[Saved entries]
*** Block opens ***
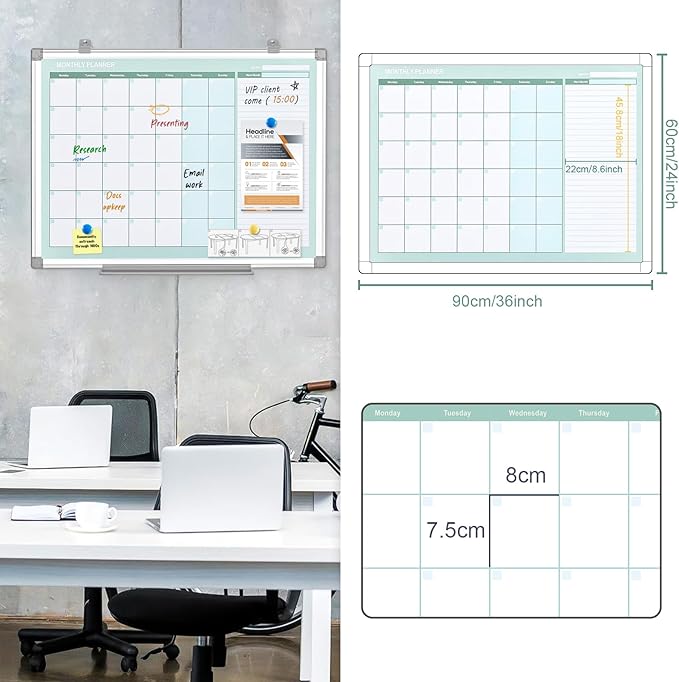MAKELLO Dry Erase Calendar for Wall 36" x 24", Large White Board Calendar with Next Month for Office, Family, Kitchen and Bedroom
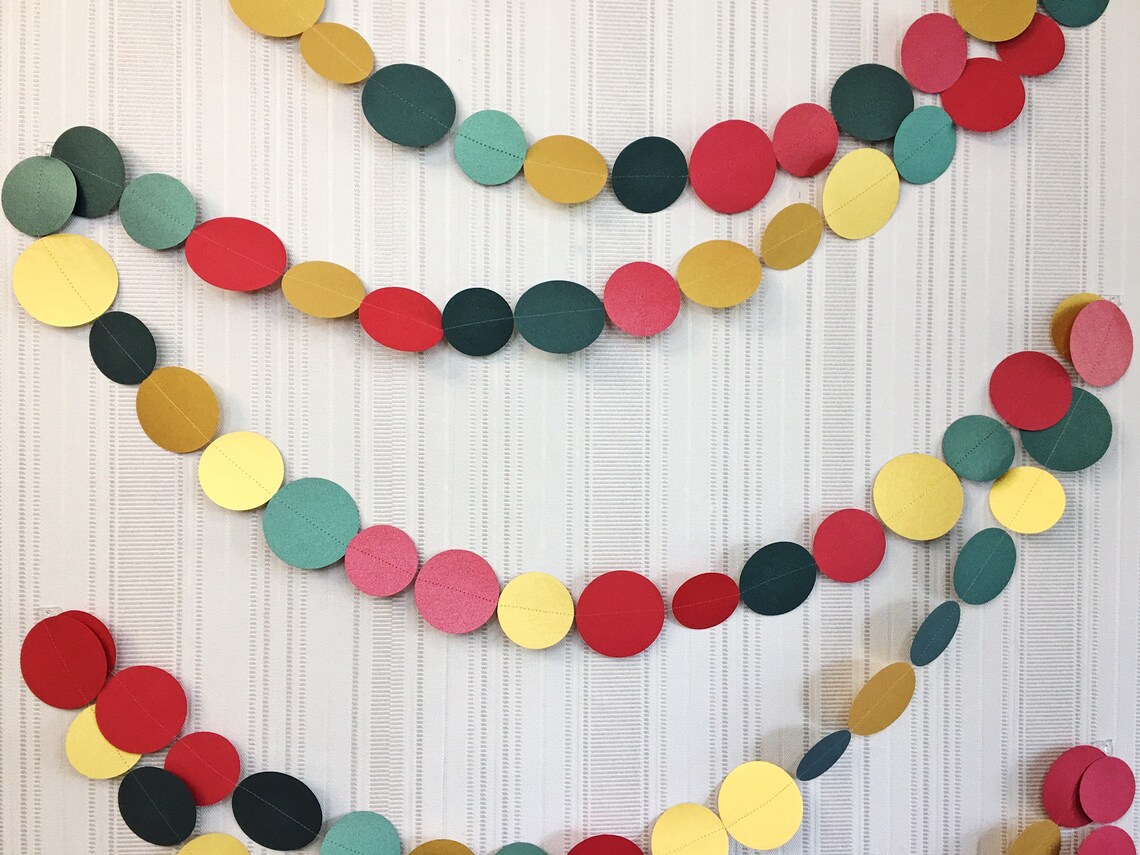 Paper garland. Garland circles. Golden circles. Wedding Etsy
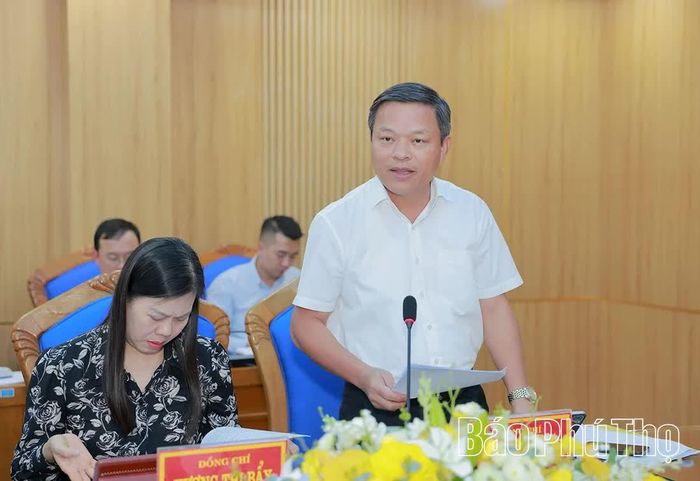 Đồng chí Phó Chủ tịch UBND tỉnh Phan Trọng Tấn phát biểu tại buổi làm việc.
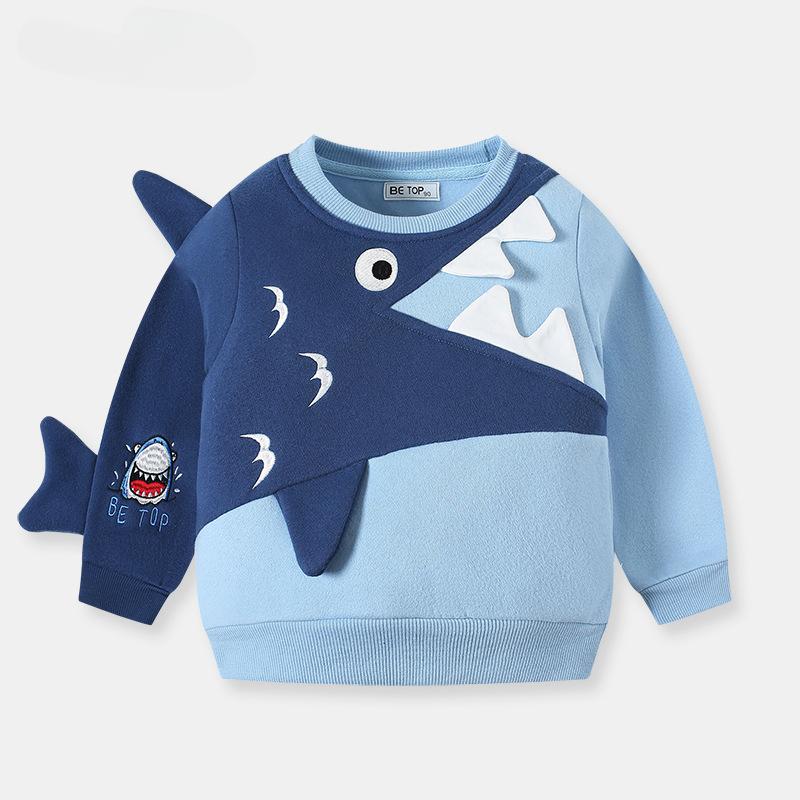 Зимние толстовки с длинным рукавом для мальчиков, бархатные, с милой вышивкой в виде мультяшной акулы, мягкие хлопковые детские пуловеры, одежда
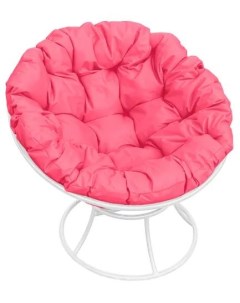 Кресло белое Папасан 12010108 розовая подушка M-group
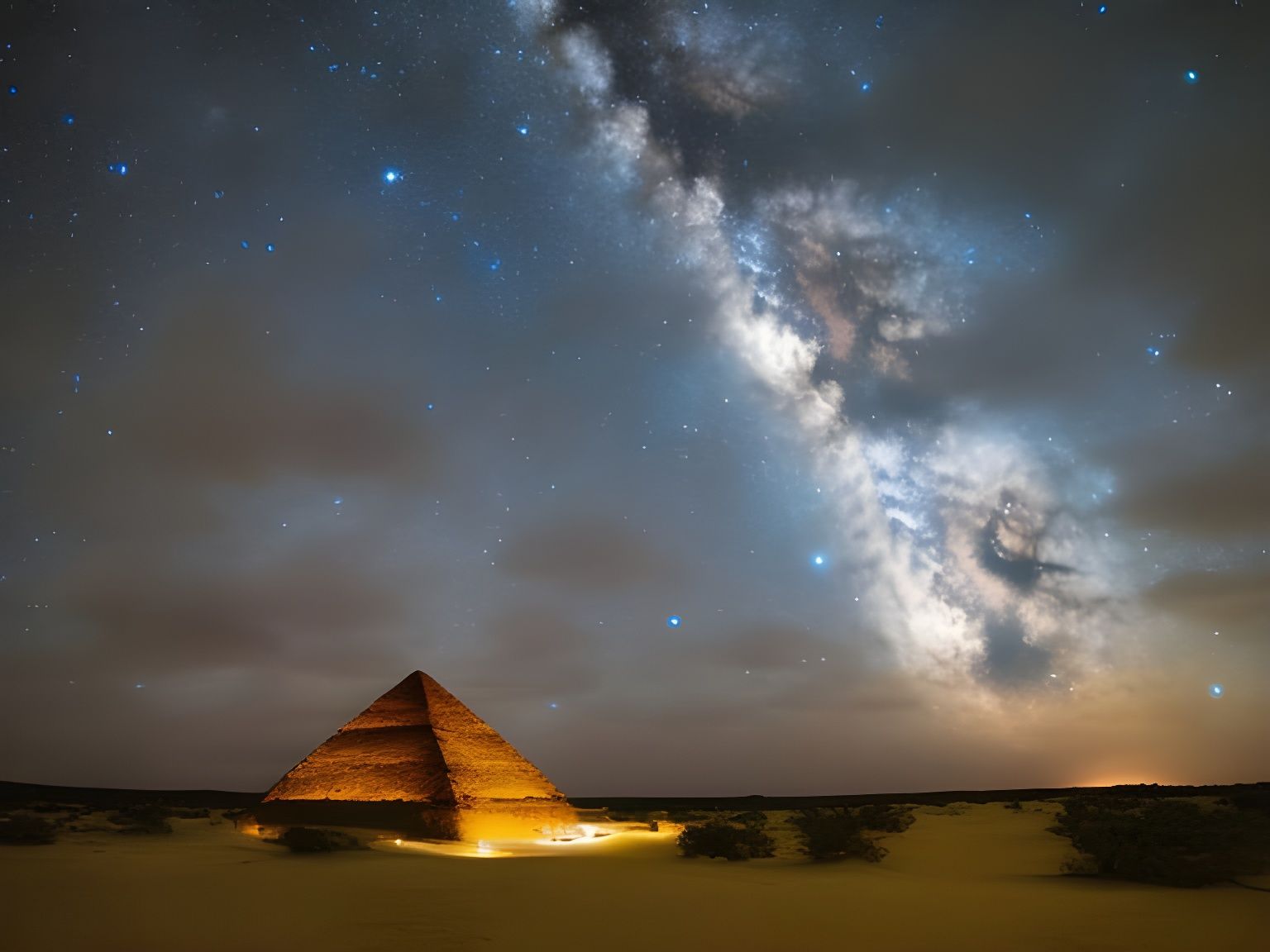 Egyptian Pyramids at Night Under Starry Sky
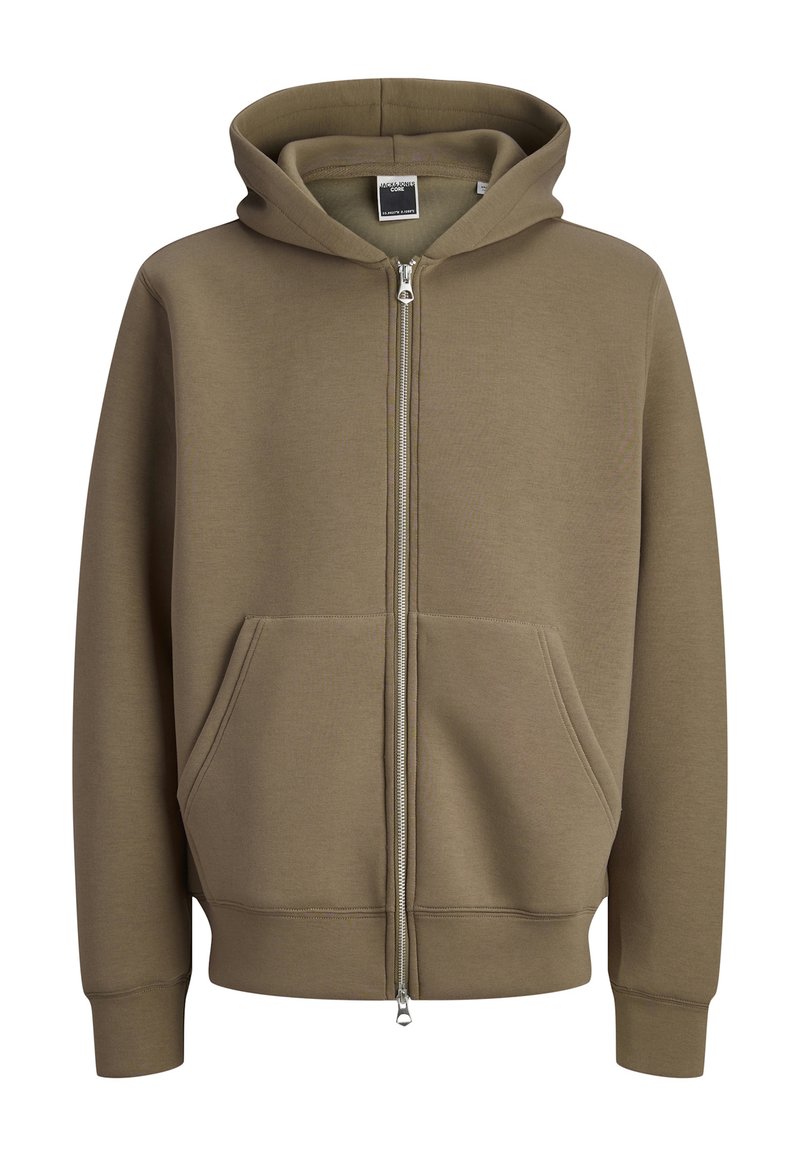 Haut à zip khaki en mélange de coton doux. Il comporte une fermeture éclair à l'avant, deux poches latérales et une capuche spacieuse avec des poignets et un ourlet côtelés.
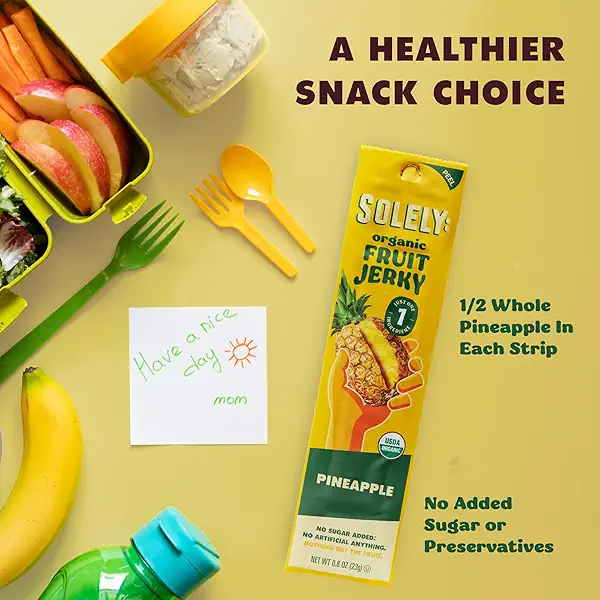 SOLELY - Organic Pineapple Fruit Jerky - 1 Individually Wrapped Strip - Fruit Leather Made from Dried Fruit - Healthy Snacks for Adults & Kids - Non GMO, Vegan Snacks - 0.8oz (23g) 3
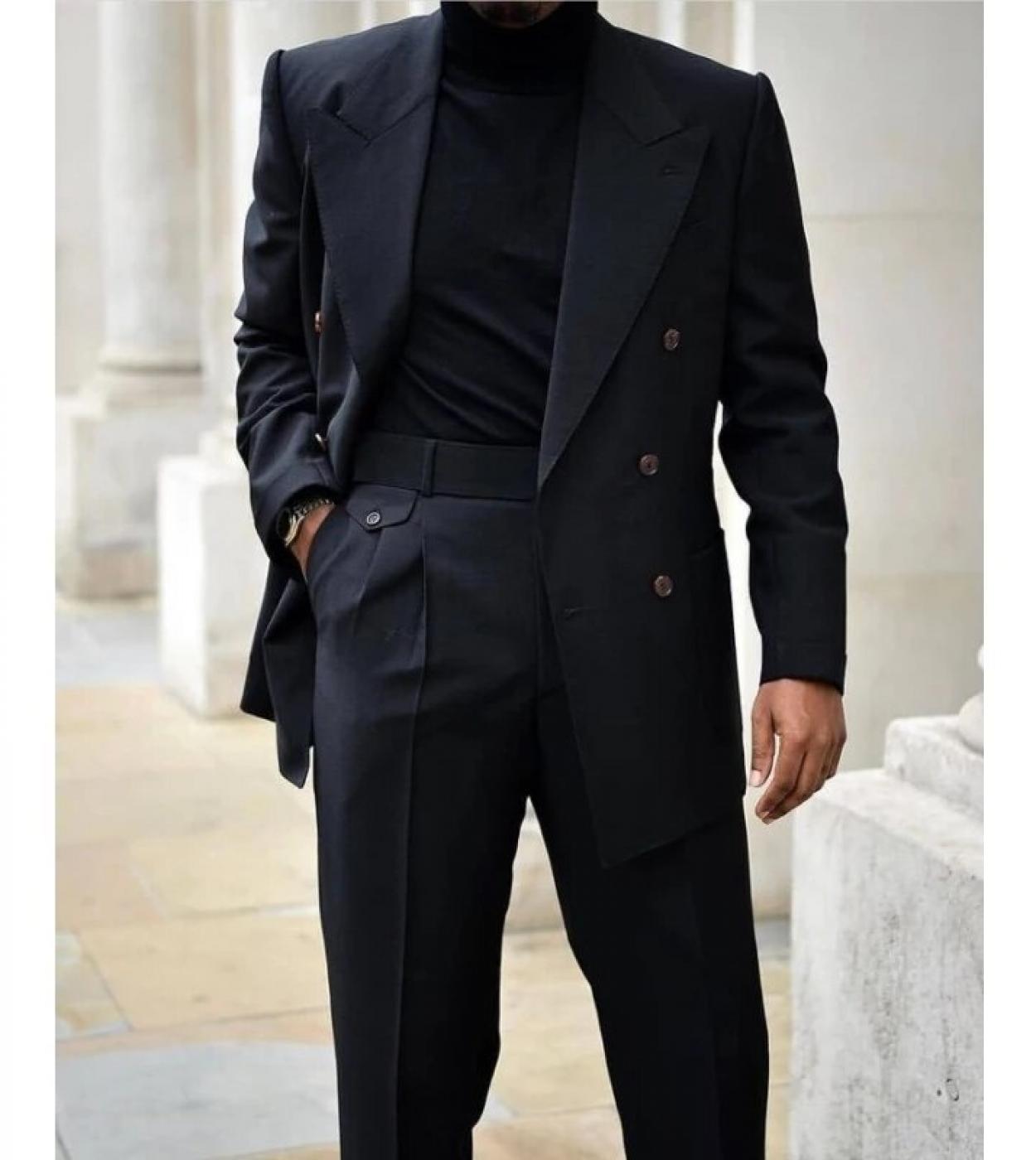 Black Peak Lapel Men Suits Casual Prom Blazer Costume Homme Marriage Terno Masculino Groom Blazer Wedding 2 Pcsjacketp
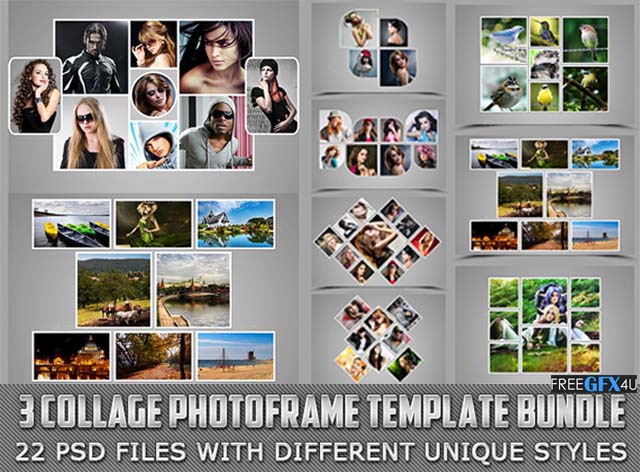 3 Collage Photo Frame PSD Template Bundle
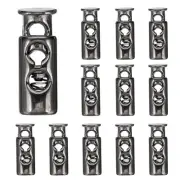 12pcs Cord Lock Plastic Spring Toggle Stopper Double Hole Cord Fastener, Black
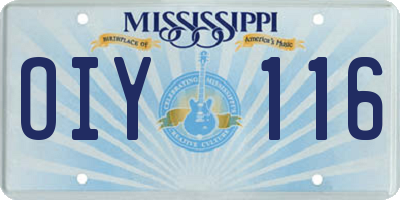 MS license plate OIY116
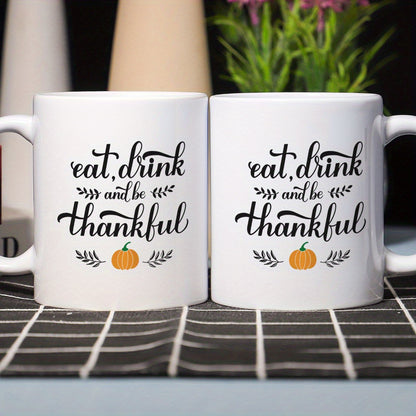 Eat, Drink, and Thank Thanksgiving Pumpkin Pattern Ceramic Coffee & Tea Mug – 11 oz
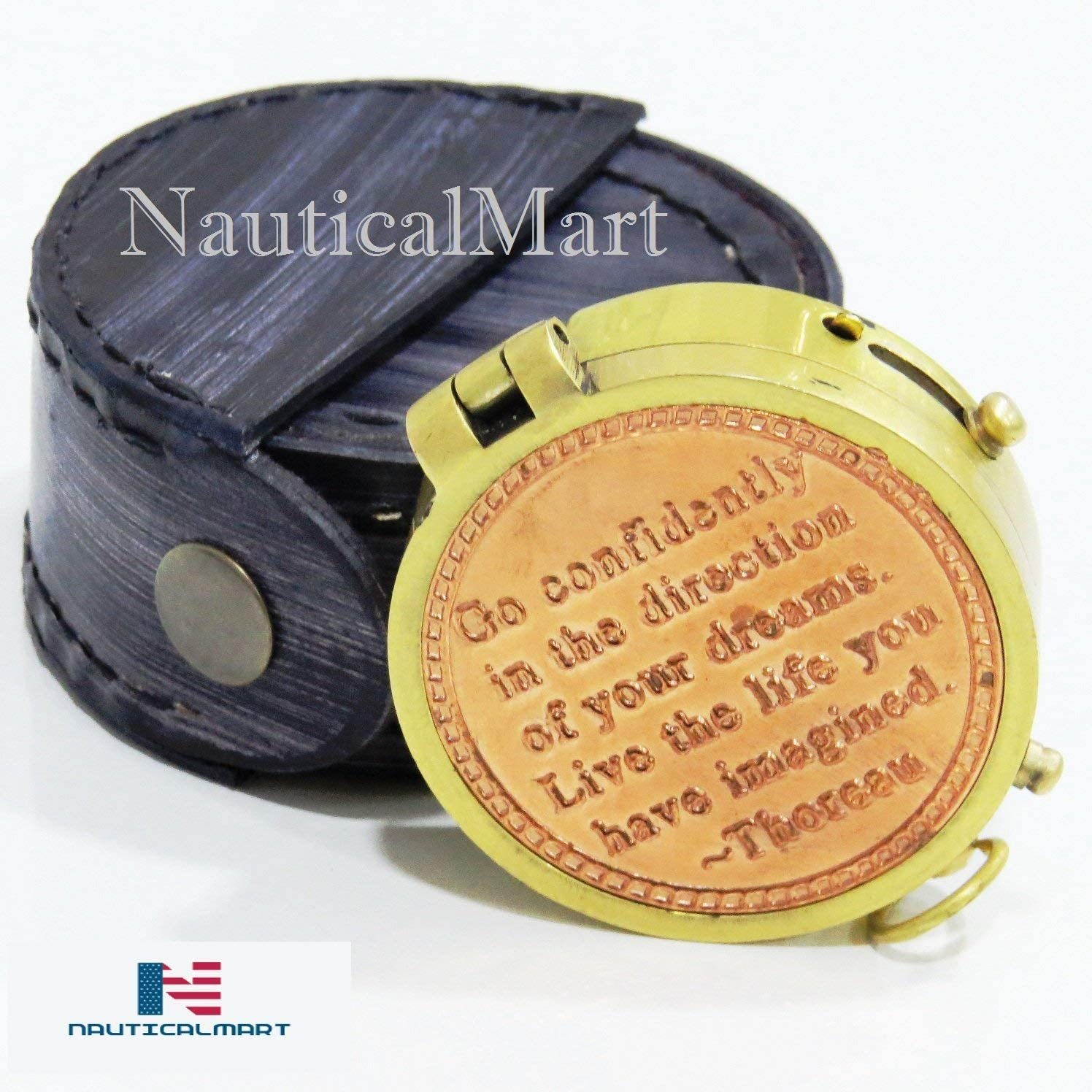 Brass Way To Me Go Thoreau's Confidently Poem Compass With Beautiful Leather Case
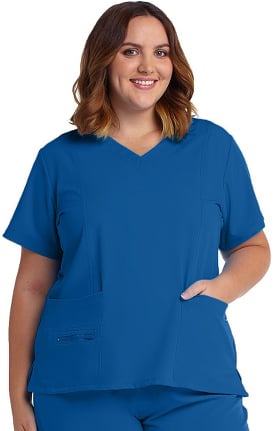 Modern Fit Collection by Jockey Women's Zipper Pocket V-Neck Solid Scrub Top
*** Block closes ***
- [REQUIRED ACTION]: Above are the records; return them exactly, minus the pictures.

- [RESPONSE]:
MAKELLO Dry Erase Calendar for Wall 36" x 24", Large White Board Calendar with Next Month for Office, Family, Kitchen and Bedroom
 Paper garland. Garland circles. Golden circles. Wedding Etsy
 Đồng chí Phó Chủ tịch UBND tỉnh Phan Trọng Tấn phát biểu tại buổi làm việc.
 Зимние толстовки с длинным рукавом для мальчиков, бархатные, с милой вышивкой в виде мультяшной акулы, мягкие хлопковые детские пуловеры, одежда
 Кресло белое Папасан 12010108 розовая подушка M-group
 Egyptian Pyramids at Night Under Starry Sky
 Haut à zip khaki en mélange de coton doux. Il comporte une fermeture éclair à l'avant, deux poches latérales et une capuche spacieuse avec des poignets et un ourlet côtelés.
 SOLELY - Organic Pineapple Fruit Jerky - 1 Individually Wrapped Strip - Fruit Leather Made from Dried Fruit - Healthy Snacks for Adults & Kids - Non GMO, Vegan Snacks - 0.8oz (23g) 3
 Black Peak Lapel Men Suits Casual Prom Blazer Costume Homme Marriage Terno Masculino Groom Blazer Wedding 2 Pcsjacketp
 3 Collage Photo Frame PSD Template Bundle
 12pcs Cord Lock Plastic Spring Toggle Stopper Double Hole Cord Fastener, Black
 MS license plate OIY116
 Eat, Drink, and Thank Thanksgiving Pumpkin Pattern Ceramic Coffee & Tea Mug – 11 oz
 Brass Way To Me Go Thoreau's Confidently Poem Compass With Beautiful Leather Case
 Modern Fit Collection by Jockey Women's Zipper Pocket V-Neck Solid Scrub Top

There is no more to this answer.